Oct 3, 2005, Vol. 11, No. 03 • By CHRISTOPHER CALDWELL
She had plenty to be joyless about. True, Gerhard Schröder's ruling coalition of Social Democrats and Greens had been voted out after seven years in power. True, with 35 percent, Merkel's Christian Democratic Union (including its Bavarian wing, the Christian Social Union) was Germany's largest party. It thus had the first claim to try to form a government. But the CDU had lost dozens of seats. It had been less soundly repudiated than the SPD, but only by a hair's breadth. For the first time since World War II, both big parties were under 40 percent--and they were way under 40 percent. That Merkel would lead the new government was by no means clear. As the evening wore on, Schröder had the effrontery to suggest that he lead it himself.
Only weeks before, Merkel had enjoyed a double-digit lead in the polls and had been cast as the Margaret Thatcher of her generation. Now she had blown an unblowable election. As we go to press, the German parties are deadlocked and unable to form a government, with no consensus on whether to proceed on a course of state reform or to stop it. And an unstable Germany is a crisis not just for a country but a continent.

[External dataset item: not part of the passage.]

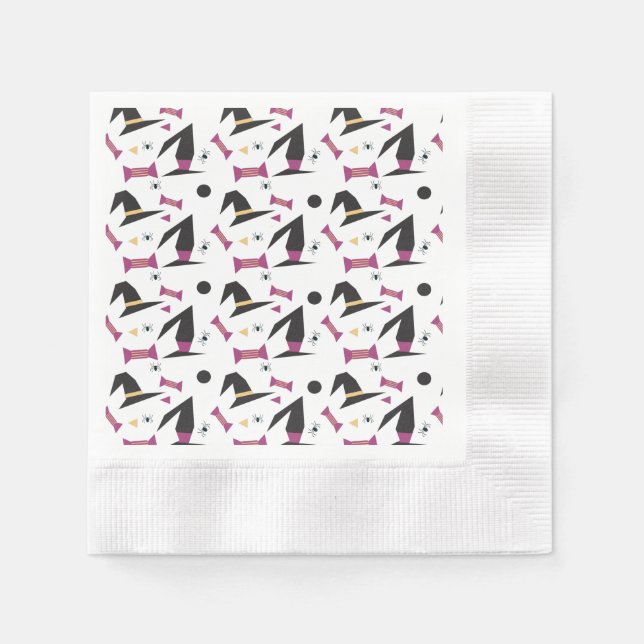 Servilleta De Papel Candy Spiders, Gorra de brujas de la fiesta de Hal (Anverso)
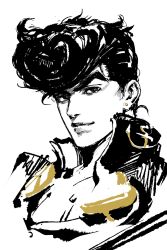  1boy anchor_symbol closed_mouth collared_jacket cropped_shoulders diamond_wa_kudakenai earrings higashikata_josuke highres jacket jewelry jojo_no_kimyou_na_bouken looking_to_the_side male_focus piercing pompadour popped_collar santamanymany short_hair sideways_glance simple_background smile solo spot_color stud_earrings thick_eyebrows white_background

Between Slovakia and Egypt
WHAT MADE THE ELECTION look like a safe win for the CDU opposition was the steadily worsening quality of life for median Germans. The main problem was that 11 percent of them (19 percent in Berlin) had no jobs. In February, unemployment rose to over 5 million people. That was a record high, but the jobless rate has been in or near double digits since the mid-1990s. Starting with Thatcher's Britain, almost all European countries have fought unemployment through deep and sometimes painful reforms. A quarter-century later, Germany--along with France and Italy--is still holding out.
But Germany has also spent 1.4 trillion euros to rebuild the former East Germany. As the state goes broke, its reputation for high-quality social services wanes. The country had its Sputnik moment in 2003, when the Program for International Student Assessment (PISA) ranked the German education system near rock-bottom of 32 developed countries surveyed. To add to the problem, Germans are having children at half the rate they were when the socialist state was built up in the 1950s and 1960s. Since pensions and health care, the most expensive parts of the social system, are pay-as-you-go, battles over the role of the state increasingly pit the old against the young.
Schröder is a campaigning genius. His poll numbers have been at historic lows for most of his seven years in power, except for a few weeks of campaigning in 2002, when he engineered a frenzy of outrage over the impending Iraq war, and won reelection by the narrowest of margins. Non-geniuses in his party have fared less well. After 2002, the SPD lost an unbroken string of state elections. That left 11 of the 16 German states under Christian Democrat-led governments, which can block Schröder's programs in the Bundesrat, the upper house. The breaking point came in May, when the Social Democrats were roundly defeated in North Rhine-Westphalia, the gigantic state around Cologne. If you could double the weight of California in American politics, you would get an idea of North Rhine-Westphalia's importance in Germany's. If you could double the average margin of victory for Democrats in California, you would get an idea of its solidity as an SPD stronghold. After the loss, Schröder asked his own party to pass a vote of no confidence against him, so he could call early elections. At this point, Merkel was outpolling him on all issues except two: foreign policy, which is German for Iraq, and "social justice," which is German for welfare.